Appellant first argues that it was improper for the court of appeals to grant appellee’s motion for summary judgment when a genuine issue of fact existed as to whether appellee had avoided service of notice of his non-renewal. The issue was timely raised as an affirmative defense in appellant’s answer and evidence on this issue was presented by appellant.

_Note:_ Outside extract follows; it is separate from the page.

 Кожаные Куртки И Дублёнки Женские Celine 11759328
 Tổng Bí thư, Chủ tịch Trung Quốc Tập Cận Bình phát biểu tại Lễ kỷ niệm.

However, even appellant’s version of the facts of this case is very similar to the one in State, ex rel. Peake, v. Bd. of Edn. (1975), 44 Ohio St. 2d 119 [73 O.O.2d 437], where the court held that the teacher had not avoided service. There, the relator had attended the board meeting and the question of his non-renewal was not addressed. Id. at 119. On or after April 29, the mailman attempted to deliver a certified letter to relator’s address which letter advised him of the non-renewal, and relator picked the letter up at the post office on May 2. Id. at 119-120. The court held that the board of education’s attempt to effectuate notice by certified mail was insufficient under the circumstances, stating, “* ** [u]nder this circumstance, Ohio has long followed the rule set forth in the second paragraph of the syllabus in Moore v. Given (1884), 39 Ohio St. 661, which states, ‘[w]here a statute requires notice of a proceeding, but is silent concerning its form or manner of service, actual notice will alone satisfy such requirement.’ * * * Thus it would appear that where, as in this case, certified mail was employed to attempt the required notice, it became effective only at the time it was received.” Id. at 122. Thus, even accepting appellant’s version of the facts as true, the holding in State, ex rel. Peake, supra, compels the conclusion that this conduct does not constitute intentional avoidance of notice.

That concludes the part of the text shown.